### What you need to do
Only lines that contain the string "Green" should be returned from the material below.

### Records for processing
-=-=-

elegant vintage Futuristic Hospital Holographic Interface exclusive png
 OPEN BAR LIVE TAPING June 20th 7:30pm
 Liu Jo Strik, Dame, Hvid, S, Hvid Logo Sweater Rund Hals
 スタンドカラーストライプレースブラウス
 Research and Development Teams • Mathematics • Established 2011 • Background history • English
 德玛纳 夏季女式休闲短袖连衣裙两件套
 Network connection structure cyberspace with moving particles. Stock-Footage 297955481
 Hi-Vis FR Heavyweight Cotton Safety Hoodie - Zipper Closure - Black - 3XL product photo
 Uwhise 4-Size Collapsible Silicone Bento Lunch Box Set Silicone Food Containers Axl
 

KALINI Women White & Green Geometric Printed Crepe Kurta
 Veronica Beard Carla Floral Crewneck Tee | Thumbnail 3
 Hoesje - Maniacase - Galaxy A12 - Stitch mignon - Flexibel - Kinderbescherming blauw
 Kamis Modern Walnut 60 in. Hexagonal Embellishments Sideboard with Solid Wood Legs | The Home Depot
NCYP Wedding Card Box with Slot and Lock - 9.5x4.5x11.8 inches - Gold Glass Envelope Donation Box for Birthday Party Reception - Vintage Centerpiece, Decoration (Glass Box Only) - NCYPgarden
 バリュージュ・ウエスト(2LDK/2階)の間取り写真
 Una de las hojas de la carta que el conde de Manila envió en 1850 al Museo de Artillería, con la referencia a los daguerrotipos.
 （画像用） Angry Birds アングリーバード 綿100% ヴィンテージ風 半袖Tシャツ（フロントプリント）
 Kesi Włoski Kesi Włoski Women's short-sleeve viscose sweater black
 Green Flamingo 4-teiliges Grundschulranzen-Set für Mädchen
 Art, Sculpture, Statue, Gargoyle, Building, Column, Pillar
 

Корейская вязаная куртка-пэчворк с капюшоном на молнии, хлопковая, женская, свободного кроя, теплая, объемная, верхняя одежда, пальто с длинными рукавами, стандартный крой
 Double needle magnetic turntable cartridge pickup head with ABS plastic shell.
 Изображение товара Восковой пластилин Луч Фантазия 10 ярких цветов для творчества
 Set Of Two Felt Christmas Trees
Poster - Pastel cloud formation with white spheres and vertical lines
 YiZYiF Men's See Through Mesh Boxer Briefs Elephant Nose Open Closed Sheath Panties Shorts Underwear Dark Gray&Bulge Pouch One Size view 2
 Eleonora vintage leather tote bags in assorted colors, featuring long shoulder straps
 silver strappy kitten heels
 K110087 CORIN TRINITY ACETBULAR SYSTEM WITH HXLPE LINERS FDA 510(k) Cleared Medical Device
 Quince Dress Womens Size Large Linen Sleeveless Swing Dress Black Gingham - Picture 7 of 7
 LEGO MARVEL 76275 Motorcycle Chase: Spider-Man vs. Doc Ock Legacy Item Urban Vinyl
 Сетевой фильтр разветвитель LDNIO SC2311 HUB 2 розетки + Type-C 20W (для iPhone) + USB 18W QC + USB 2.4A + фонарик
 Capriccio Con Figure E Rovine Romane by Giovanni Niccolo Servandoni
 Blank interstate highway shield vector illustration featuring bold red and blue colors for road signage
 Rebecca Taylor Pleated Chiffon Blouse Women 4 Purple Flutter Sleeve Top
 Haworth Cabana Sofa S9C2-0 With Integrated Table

-=-=-

### Output below
KALINI Women White & Green Geometric Printed Crepe Kurta
 Green Flamingo 4-teiliges Grundschulranzen-Set für Mädchen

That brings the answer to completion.